** Opening DATA SHOWN block **
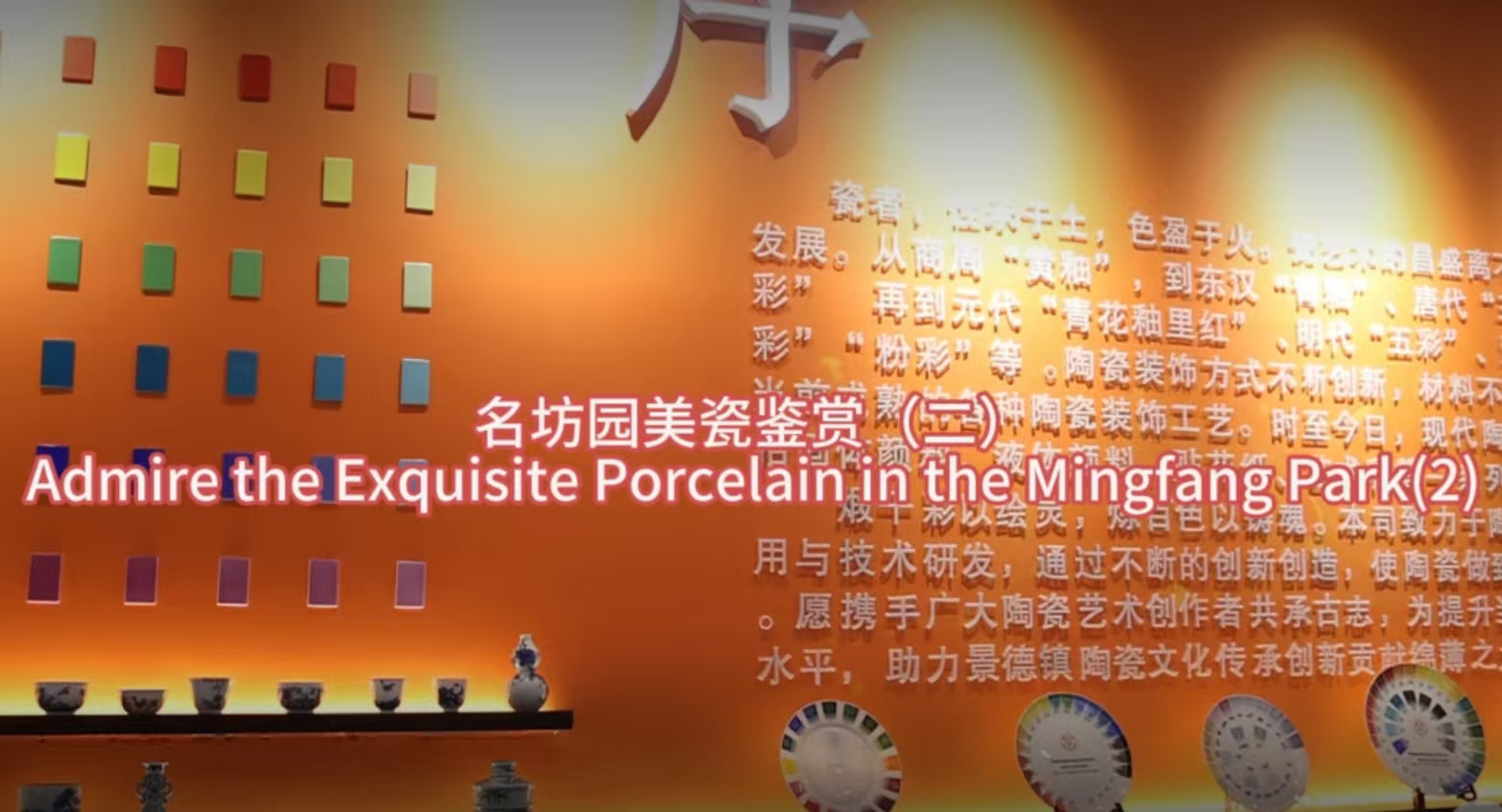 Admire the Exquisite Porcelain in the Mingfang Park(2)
** Closing DATA SHOWN block **
** Opening DATA SHOWN block **
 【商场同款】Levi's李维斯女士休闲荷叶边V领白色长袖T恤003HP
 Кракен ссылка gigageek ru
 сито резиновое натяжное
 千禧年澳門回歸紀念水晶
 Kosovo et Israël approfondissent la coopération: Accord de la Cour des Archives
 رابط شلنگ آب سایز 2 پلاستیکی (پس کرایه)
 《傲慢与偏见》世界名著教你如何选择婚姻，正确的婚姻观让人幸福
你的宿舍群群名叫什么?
** Closing DATA SHOWN block **
PROBLEM: The response should hold exactly the lines starting at the line with "Kosovo et Israël" and ending at the line with "你的宿舍群群名叫什么?", and no other line of the material above.

RESPONSE AREA:
 Kosovo et Israël approfondissent la coopération: Accord de la Cour des Archives
 رابط شلنگ آب سایز 2 پلاستیکی (پس کرایه)
 《傲慢与偏见》世界名著教你如何选择婚姻，正确的婚姻观让人幸福
你的宿舍群群名叫什么?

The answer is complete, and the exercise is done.